3. Thus a HIPC, which has gone through the debt relief process has no mechanism or procedure to refer to, once it runs into new payment problems. Even before the global financial crisis took effect on the poorest countries, the World Bank acknowledged in its latest status of implementation report a "high risk of new debt distress" in 4 countries and a "moderate" one in an additional 10. It must be assumed that the situation has already turned more critical for more countries since the report’s publication, and will continue to do so during 2009.
4. Additionally to Post-completion point HIPCs, which run into new debt distress, it must be assumed that some non-HIPCs will either run into over-indebtedness as a result of emergency financing, or that countries which never really managed to get out of the debt crisis of the 1980s and 1990s will be pushed over the edge by the global economic slowdown.
5. At the same time the spectrum of creditors and the variety of instruments these creditors use, has considerably widened in the past years.

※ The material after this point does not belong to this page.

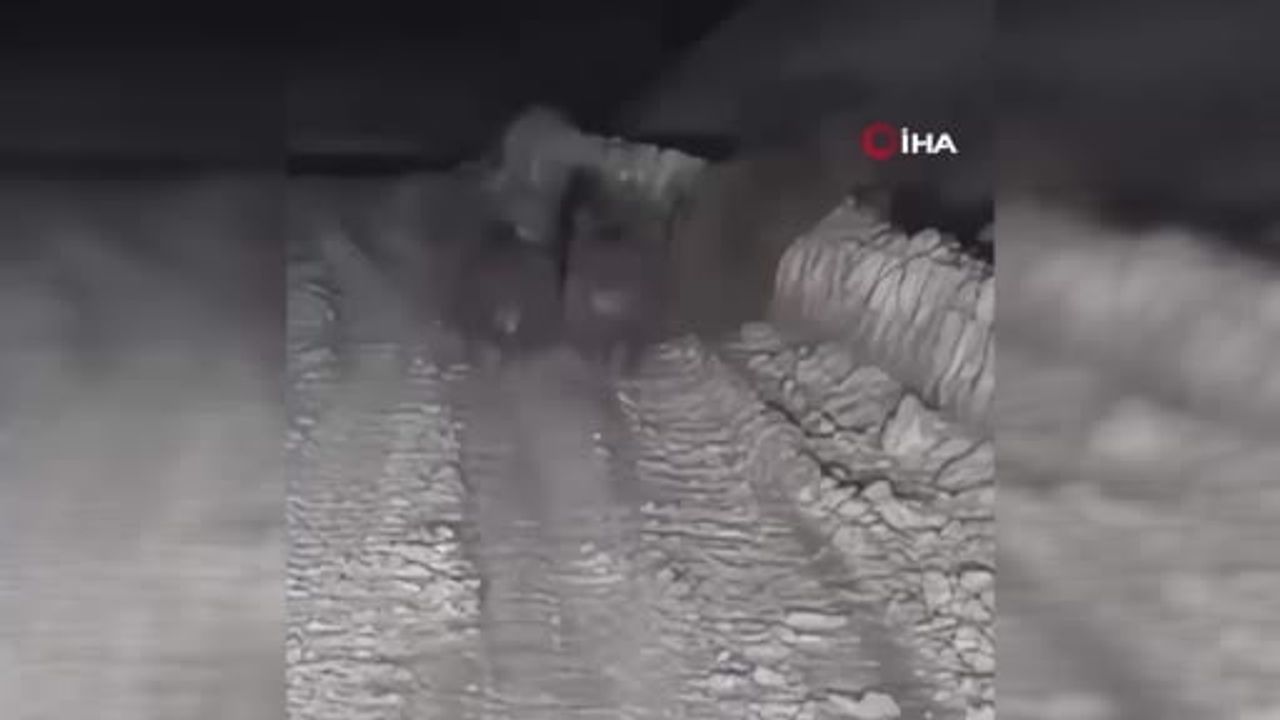 Çankırı Ilgaz'da kış uykusuna yatamayan ayılar yol küreme ekiplerince görüntülendi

Some transformation and emerging economies have become important lenders themselves. So have private investment funds and domestic lenders. New debt results from some new types of bonds, from the return of the classic syndicated by commercial banks, and also from a new wave of aggressive marketing by Export Credit Agencies.
6. The International Financial Institutions (IFIs) have tried to steer this new borrowing through the World Bank’s debt Sustainability Framework (DSF). These efforts are not likely to be successful, because they unilaterally exert pressure on the borrower, without providing much of an incentive for the creditor to forego an investment opportunity, because it would eventually endanger the borrower’s long-term debt sustainability. Individual instruments like Collective Action Clauses (CACs) or Codes of Conduct can be useful at times. However, they generally refer to not more than one group of lending instruments or creditors.
7. With this lack of debt workout options there is an extreme danger that in both, low and middle income countries, a new round of defensive lending by multilateral institutions will start a new debt cycle like the one of the 1990’s. The present emergency packages by the IMF and their co-financing from other multilateral institutions may be considered as being without alternative. However, it must be remembered that debt owed to multilateral institutions was negligible at the beginning of the 1980ies debt crisis. It became an ultimately costly exercise for the international community and a burden on development aid budgets through a long period of defensive lending. A clear-cut debt write-off in the end-1980s would have been less costly for everybody.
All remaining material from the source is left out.